第369話 「大人の本気の悪ふざけ」みたいな商売

 今回はツイッターで見た、謎すぎる報道について。

 なんでも梅干しの消費量が二十年で四割減になり、困っているらしい。倉庫がパンクして商品の行き場がないとのこと。

 僕がこの話を見た時に真っ先に感じたのは、なんで減産しないの? ということ。

 普通、売れる数に合わせて商品を作る。もちろん、急に売れなくなると計画とズレるから在庫が膨らむ。しかし二十年もかかってるわけだから、本来的には需要に合わせて作る量を加減するものでは。

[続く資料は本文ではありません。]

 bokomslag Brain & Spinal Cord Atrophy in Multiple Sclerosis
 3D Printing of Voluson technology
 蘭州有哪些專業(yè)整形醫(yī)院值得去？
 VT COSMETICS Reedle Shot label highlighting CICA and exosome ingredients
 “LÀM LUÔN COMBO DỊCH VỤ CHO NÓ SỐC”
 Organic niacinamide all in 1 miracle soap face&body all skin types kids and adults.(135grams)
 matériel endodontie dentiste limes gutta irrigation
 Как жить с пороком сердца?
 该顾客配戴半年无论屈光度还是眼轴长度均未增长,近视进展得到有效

 梅干しを作ってるメーカーは、減産すれば利益が減り、困ったことにはなるはず。困ったことにはなるけど、実際は倉庫に溢れるほど作り続けた結果、やはり困っている。その在庫は売れない限り、会社の損にしかならない。

 商売は難しいけど、少なくとも、売れないものを用意しても仕方がない。別の商品に投資した方がマシなのでは。

 倉庫が溢れてから問題にする前に、梅干しメーカーは商品が売れない事実をデータとして知っていたはずだし、ここに至ってメディアに訴えるのも、後手後手というか、手遅れの感が否めない。この件に関しては、楽観が露骨すぎて、怖いと感じた。どうしたら、今、売れないものが、いつかは売れるようになる、と考えたんだろう。経営戦略が謎すぎる。まぁ、純粋に梅干しだけを作ってるメーカーはなくて、他の製品で利益があるんだろうけど、それでもデッドストック確定の商品を作る理由、作り続ける理由は見当がつかない。かなりな強気な態度だ。

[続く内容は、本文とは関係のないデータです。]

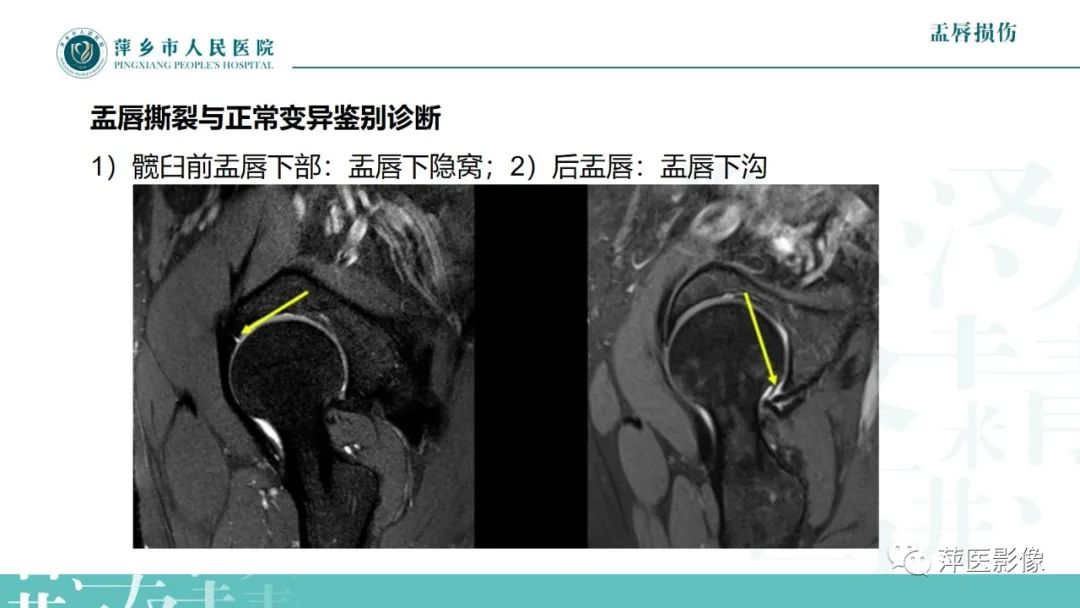 影像PPT - 【PPT】髋关节撞击综合征-43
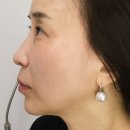 40 | 강남 청담 피부과 튠페이스 후기 통증 40대리프팅 추천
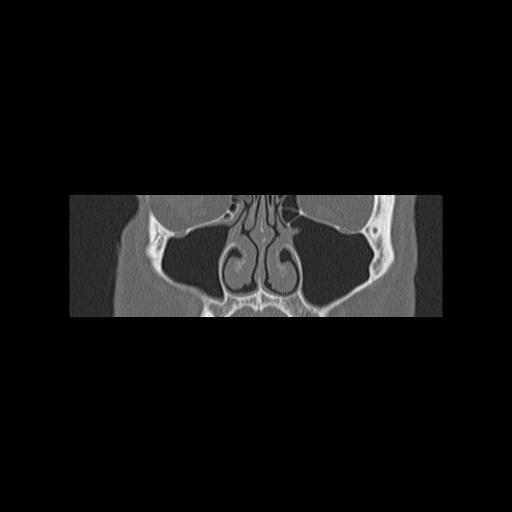 Cholesteatoma (Radiopaedia 84946-100455 Coronal bone window 36).jpg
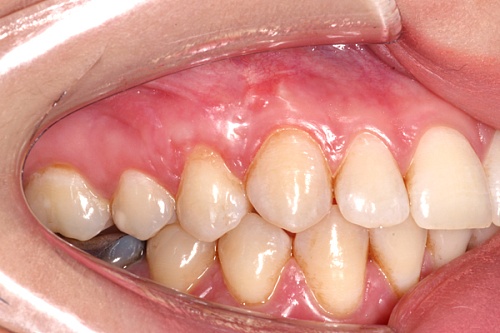 Закрытие рецессии четырнадцатого зуба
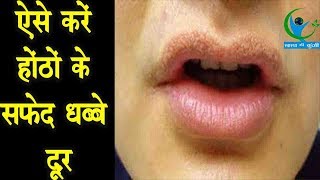 होठों से सफ़ेद धब्बे दूर करने के ये हैं आसान घरेलू उपाय…  Home Remedies for White Spots on Lips [upl. by Ennaj]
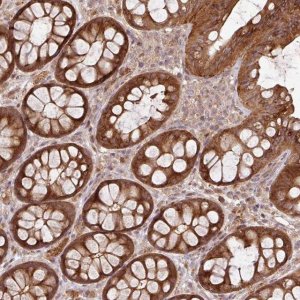 Anti-FAIM antibody produced in rabbit HPA052209-100UL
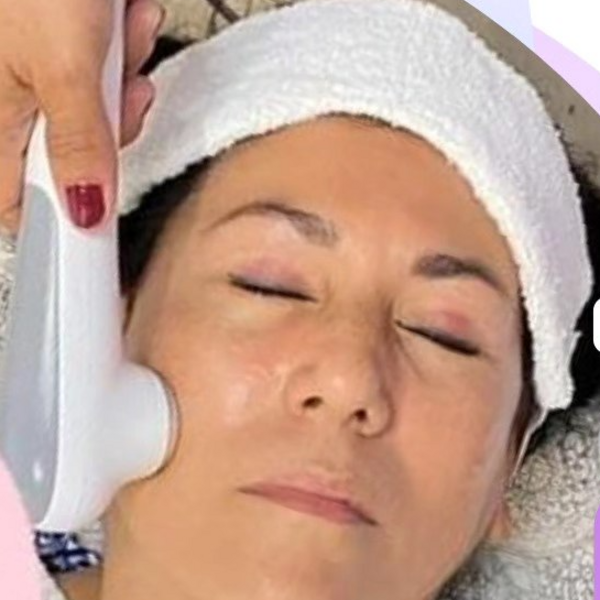 Ultrasonido facial 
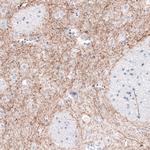 Tyrosine Hydroxylase Antibody in Immunohistochemistry (Paraffin) (IHC (P))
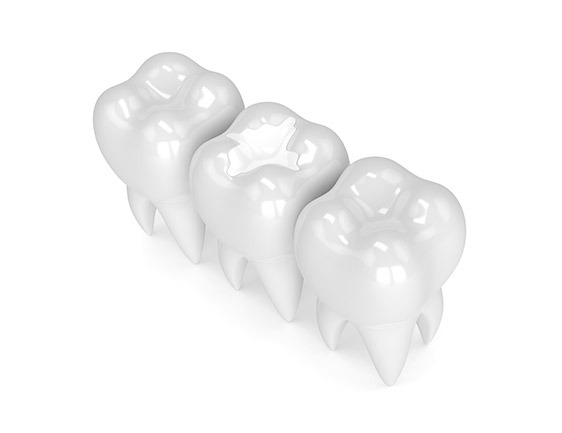 East York White Fillings | Dolphin Dental | East York Dentist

 商品は売れなければ意味がないから、様々な形で付加価値をつける。それは例えばパンなどで言える。スーパーでは様々なパンがあるけど、アンパンだけでも数種類、食パンだけでも数種類がある。おそらくその中では、売れる商品と売れない商品がある。ただ、寡聞にして、パンが余って困っている、という話は聞かない。計画を立てて、在庫が出ない工夫があると思われる。ここのところ、学校給食が休みの時期に生乳が余るのでなんとかしよう、という話を聞く。生乳は僕はあまり飲まないけど、プロテインは飲むので、加工してそこになんとか漕ぎ着けて欲しい、と思ったりはする。実際には至難だろうけど。

 ふと浮かんだ疑問として、生乳は苦渋の決断として廃棄できる、というか商品としてすぐに廃棄する段階がくるけど、梅干しが納められた倉庫は、長期間、梅干しを置いておくはずで、その維持管理だけでも金が余計にかかる。梅干しは作れば作るほど損害が増える、奇妙な食料だな、と思ったりした。

 生産計画が全く機能不全を起こしている梅干し業界とは、どんな人たちがどんな顔で商売の未来について議論しているか、気になった。